Work instruction
The expected output is exactly the lines below, starting at the line with "Womens Beach Cover" and ending at the line with "Euro vintage spring coat /生成り色のシンプルスプリングコート Euro", both included; no other line belongs in it.

Data provided
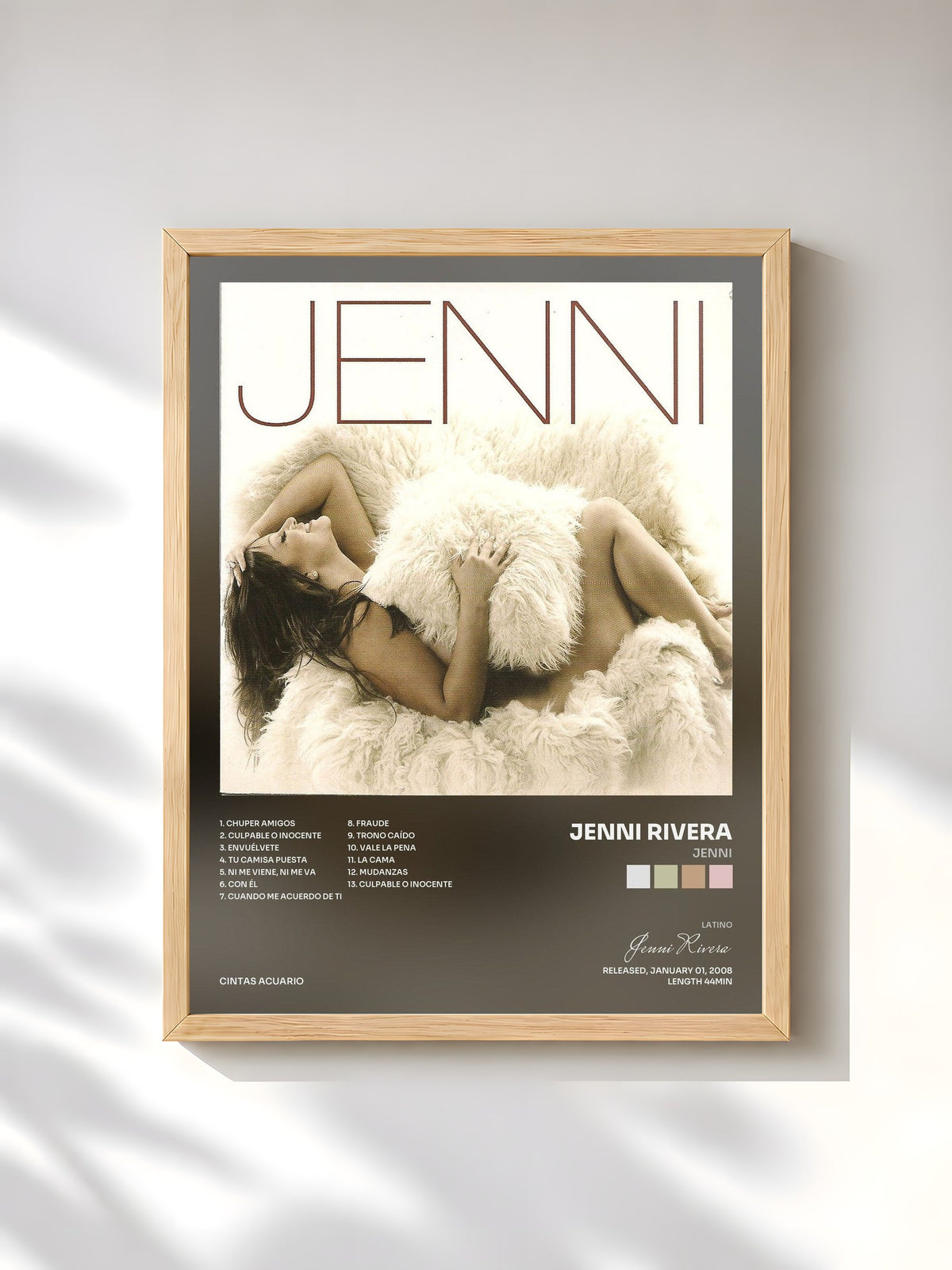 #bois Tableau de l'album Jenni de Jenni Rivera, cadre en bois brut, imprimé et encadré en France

---

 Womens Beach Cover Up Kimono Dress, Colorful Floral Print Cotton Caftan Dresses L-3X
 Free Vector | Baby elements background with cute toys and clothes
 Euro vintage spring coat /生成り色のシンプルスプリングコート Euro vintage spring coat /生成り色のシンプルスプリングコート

--

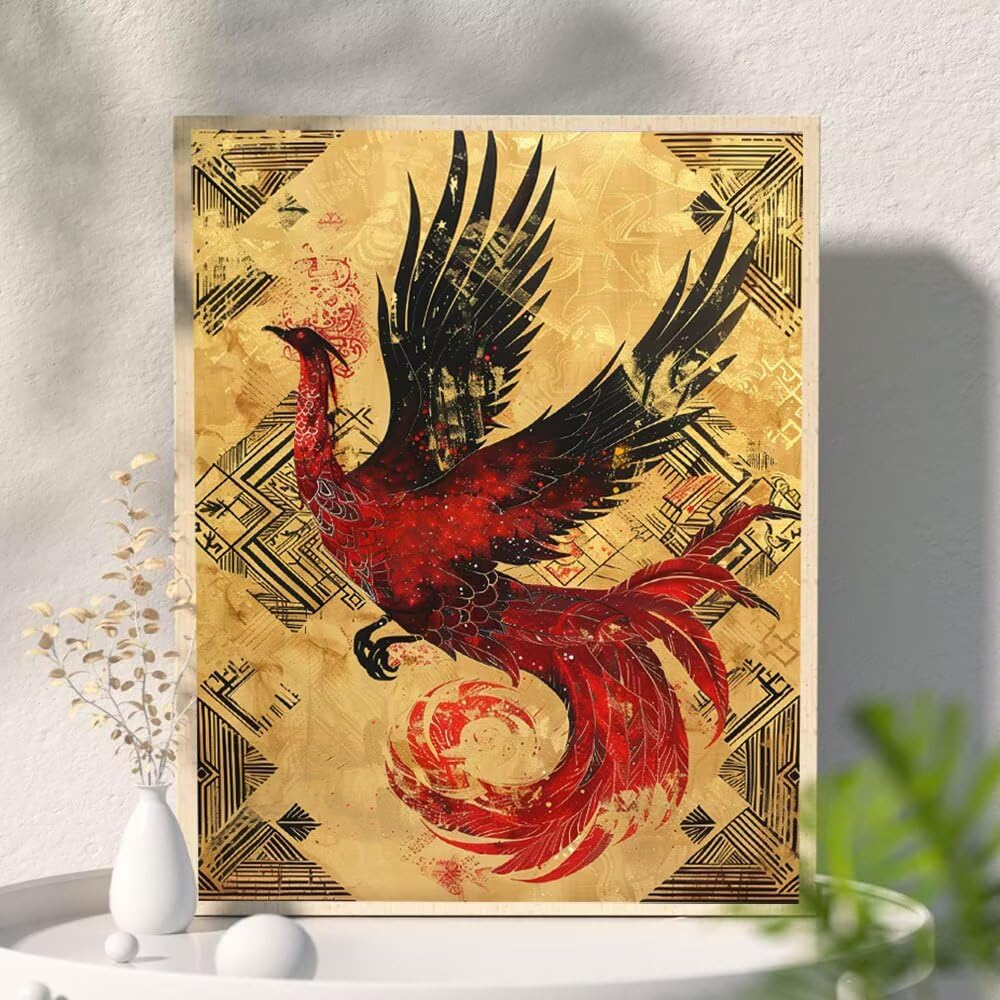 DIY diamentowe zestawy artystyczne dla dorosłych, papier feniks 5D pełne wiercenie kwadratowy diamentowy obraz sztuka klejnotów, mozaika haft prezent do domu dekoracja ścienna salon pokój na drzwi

Task result
 Womens Beach Cover Up Kimono Dress, Colorful Floral Print Cotton Caftan Dresses L-3X
 Free Vector | Baby elements background with cute toys and clothes
 Euro vintage spring coat /生成り色のシンプルスプリングコート Euro vintage spring coat /生成り色のシンプルスプリングコート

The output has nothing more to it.